如何使用Python中的Amara库针对XSD架构验证xml文件？

Question

High bounty for the following Q:

Hello, Here is what I tried on Ubuntu 9.10 using Python 2.6, Amara2 (by the way, test.xsd was created using xml2xsd tool):

g@spot:~$ cat test.xml; echo =====o=====; cat test.xsd; echo ==== 
o=====; cat test.py; echo =====o=====; ./test.py; echo =====o===== 
<?xml version="1.0" encoding="utf-8"?>==; ./test.py` > 
test.txttest.xsd; echo === 
<test>abcde</test> 
=====o===== 
<?xml version="1.0" encoding="UTF-8"?> 
<xs:schema xmlns:xs="http://www.w3.org/2001/XMLSchema" 
elementFormDefault="qualified"> 
  <xs:element name="test" type="xs:NCName"/> 
</xs:schema> 
=====o===== 
#!/usr/bin/python2.6 
# I wish to validate an xml file against an external XSD schema. 
from amara import bindery, parse 
source = 'test.xml' 
schema = 'test.xsd' 
#help(bindery.parse) 
#doc = bindery.parse(source, uri=schema, validate=True) # These 2 seem 
to fail in the same way. 
doc = parse(source, uri=schema, validate=True) # So, what is the 
difference anyway? 
# 
=====o===== 
Traceback (most recent call last): 
  File "./test.py", line 14, in <module> 
    doc = parse(source, uri=schema, validate=True) 
  File "/usr/local/lib/python2.6/dist-packages/Amara-2.0a4-py2.6-linux- 
x86_64.egg/amara/tree.py", line 50, in parse 
    return _parse(inputsource(obj, uri), flags, 
entity_factory=entity_factory) 
amara.ReaderError: In file:///home/g/test.xml, line 2, column 0: 
Missing document type declaration 
g@spot:~$ 
=====o===== 

So, why am I seeing this error? Is this functionality not supported? How can I validate an XML file against an XSD while having the flexibility to point to any XSD file? Thanks, and let me know if you have questions.

Answer 1

If you're open to using another library besides amara, try lxml . It supports what you're trying to do pretty easily:

from lxml import etree

source_file = 'test.xml'
schema_file = 'test.xsd'

with open(schema_file) as f_schema:

    schema_doc = etree.parse(f_schema)
    schema = etree.XMLSchema(schema_doc)
    parser = etree.XMLParser(schema = schema)

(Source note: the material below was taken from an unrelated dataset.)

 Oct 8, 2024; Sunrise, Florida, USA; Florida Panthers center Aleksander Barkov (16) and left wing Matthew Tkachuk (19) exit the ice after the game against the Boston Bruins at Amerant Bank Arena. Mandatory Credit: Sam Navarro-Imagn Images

    with open(source_file) as f_source:
        try:
            doc = etree.parse(f_source, parser)
        except etree.XMLSyntaxError as e:
            # this exception is thrown on schema validation error
            print e

Answer 2

I'll recommend you to use noNamespaceSchemaLocation attribute to bind the XML file to the XSD schema. Then your XML file test.xml will be

<?xml version="1.0" encoding="utf-8"?>
<test xmlns:xsi="http://www.w3.org/2001/XMLSchema-instance"
      xsi:noNamespaceSchemaLocation="test.xsd">abcde</test>

where the file test.xsd

<?xml version="1.0" encoding="utf-8"?>
<xs:schema xmlns:xs="http://www.w3.org/2001/XMLSchema"
           elementFormDefault="qualified">
    <xs:element name="test" type="xs:NCName"/>
</xs:schema>

should be placed in the same directory as the test.xsd. It is general technique to reference the XML schema from the XML file and it should work in Python.

The advantage is that you don't need to know the schema file for every XML file . It will be automatically found during parsing ( etree.parse ) of the XML file.